TF/IDF-SE is written in Python 2. In the following you can find how to run it.

Requirements and Dependencies

This package is tested with Python 2.7.18. To run TF/IDF-SE, you need to install the following packages first:

  • Numpy (tested with version 1.16.6 -> pip install numpy==1.16.6)
  • Pandas (tested with version 0.24.2 -> pip install pandas==0.24.2)
  • SciKit-learn (tested with version 0.18.2 -> pip install scikit-learn==0.18.2)

How to Run

The dataset files are stored in ../datasets directory.

Run python run_script.py to split the dataset, preprocess the text, and run the method. To select the dataset which you wish to run the script on, please change line 44 in run_script.py accordingly. A variable named 'exp' is defined at line 43 which is used to create a distinct directory (named with the value of this variable) to store the results of the experiment, so that the results of a new experiment would not overwrite the previous ones.

The Scripts

divide_data_sortdate.py

This script receives two arguments, the first is the path to the data, and the second is the data file name. It expects the data file to be sorted, since no ordering is done in the script. After reading the first column of the file (i.e., issueKey) to find the number of issues in the file, it starts dividing the issues in three sets with a rate of 60%-20%-20%. Basically, the script produces a text file in the current directory (i.e., the directory of the script) with '_3sets.txt' suffix (for example, MESOS_3sets.txt). This file will guide the preprocessing script to divide the data set.

preprocess.py

This script receives two arguments, the first is the path to the data and the second is the project name (i.e., data file name).
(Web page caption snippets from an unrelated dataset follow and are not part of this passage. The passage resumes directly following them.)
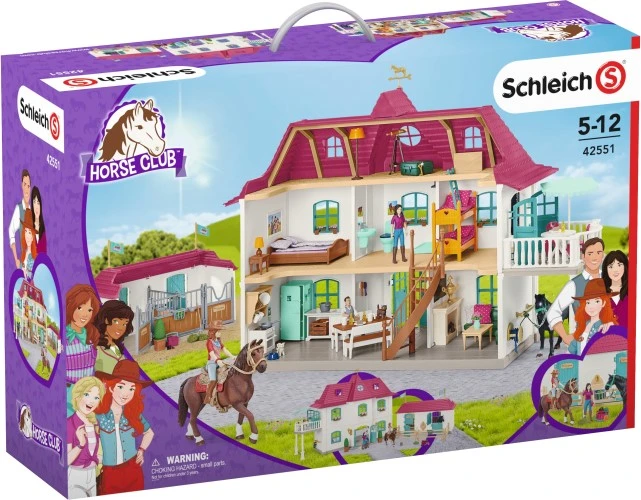 Schleich 42551 Lakeside Landhuis Met Stal Horse-Club 12 Schleich 42551 Lakeside Landhuis Met Stal Horse-Club - Afbeelding 10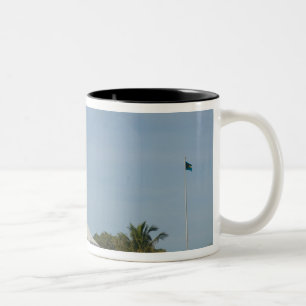 BAHAMAS, Abacos, Loyalist Cays, Elbow Cay, Hope Zweifarbige Tasse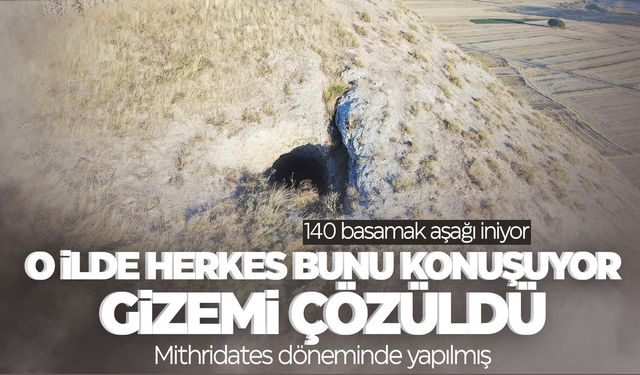 O ilde herkes bunu konuşuyor... Gizemi çözüldü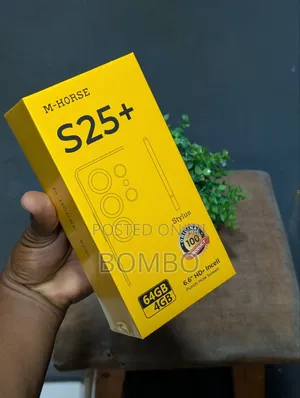 New M-Horse S8 64 GB Black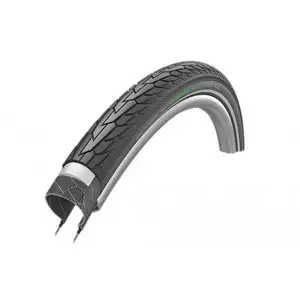 Väliskumm 20" Schwalbe Road Cruiser Plus HS 484, Active Wired 47-406 GreenCompound Reflex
The script reads the data file and looks for a file with the project name and '_3sets.txt' suffix in the current directory. If found, the file is used to split the dataset. Then, tokenizer.perl is used to tokenise the set of sentences. If tokeniser did not work, consider changing the tokeniser command at line 10:

tokenizer_cmd = ['/usr/bin/perl', 'tokenizer.perl', '-l', 'en', '-q', '-']

The first argument of the command is the path to Perl installation directory, which needs to be corrected based on the OS and customised installations. The tokenizer.perl script is included in the package in the current directory. Once done, this script produces and stores in the data directory inside the current directory two files, one with .pkl.gz extension which contains the tokenised text, and the other with .dict.pkl.gz extension which contains a dictionary build upon the training set. This is dictionary is used to vectorise the text in all three train, validation, and test sets.

tfidf_se_method.py

This script runs the TF/IDF-SE method. It loads the data produced by the preprocess.py script. Then creates a pipe line consisting of a featuree selection and the classification unit (i.e., Support Vector Classification) and uses the training set to build the model. Then uses the model to estimatee the classes (i.e., story points) for the issues in the test set and stores the actual and estimated values in separate files.

measurement.py

This script simply reads the actual and estimated story points from the files created by the tfidf_se_method.py script and produce the another file containing the absolute errors of the estimations in the same directory. It also computes and writes/appends the MAE and MdAE of the estimations per project in a single file named performance_all.csv inside the experiment results directory (i.e., [exp]/log/performance_all.csv).